Problem to work on ▸
Repeat each line of the data below exactly, but skip the pictures.

Input data ▸
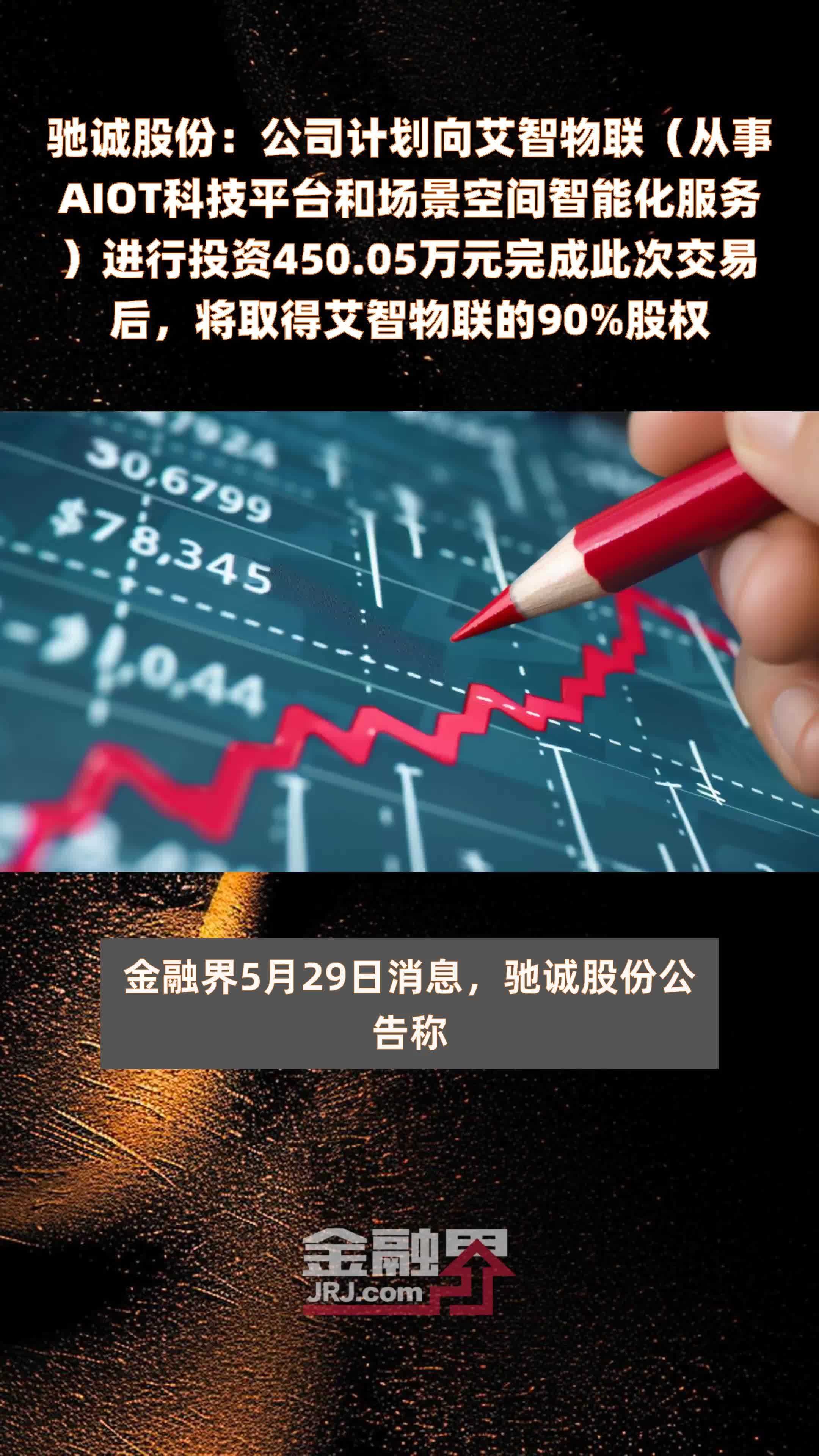 驰诚股份：公司计划向艾智物联（从事AIOT科技平台和场景空间智能化服务）进行投资450.05万元完成此次交易后，将取得艾智物联的90%股权 |快报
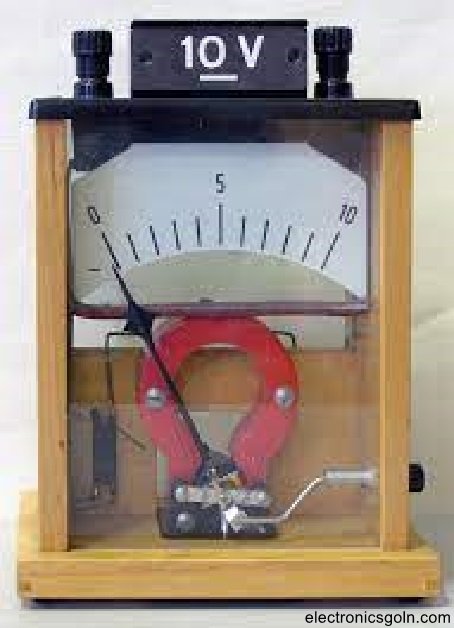 ইলেকট্রিক্যাল ও ইলেকট্রনিক্সের কাজে ব্যবহৃত পরিমাপক যন্ত্র সমূহের ফাংশন এবং ব্যবহার পদ্ধতি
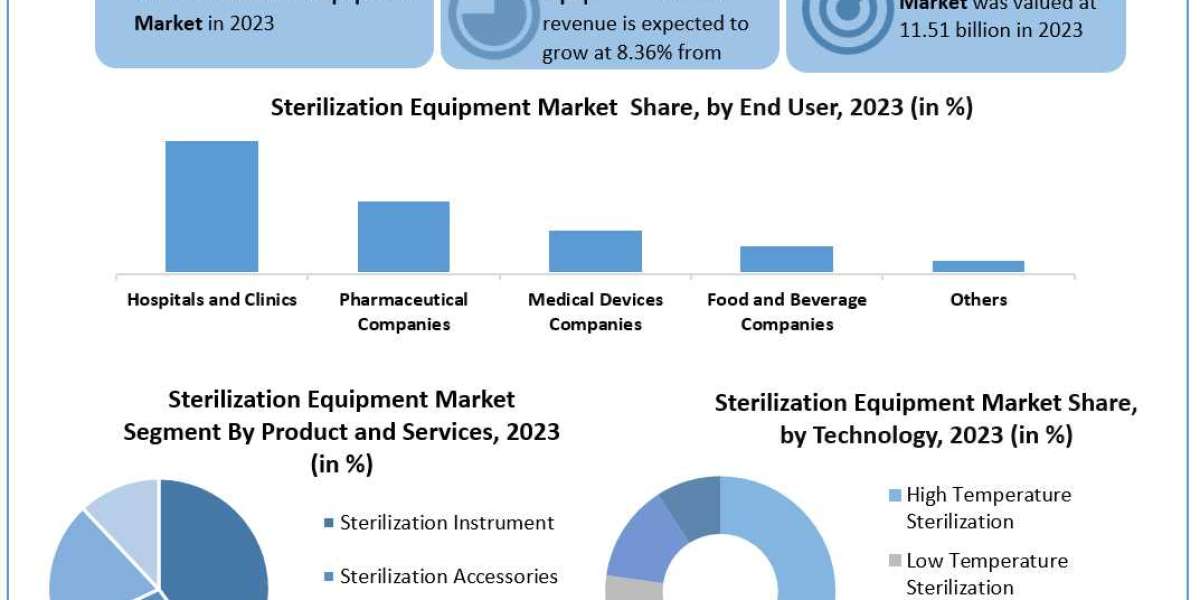 Sterilization Equipment Market Report Based on Development, Business Scope And Forecast to 2030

Response for this exercise ▸
 驰诚股份：公司计划向艾智物联（从事AIOT科技平台和场景空间智能化服务）进行投资450.05万元完成此次交易后，将取得艾智物联的90%股权 |快报
 ইলেকট্রিক্যাল ও ইলেকট্রনিক্সের কাজে ব্যবহৃত পরিমাপক যন্ত্র সমূহের ফাংশন এবং ব্যবহার পদ্ধতি
 Sterilization Equipment Market Report Based on Development, Business Scope And Forecast to 2030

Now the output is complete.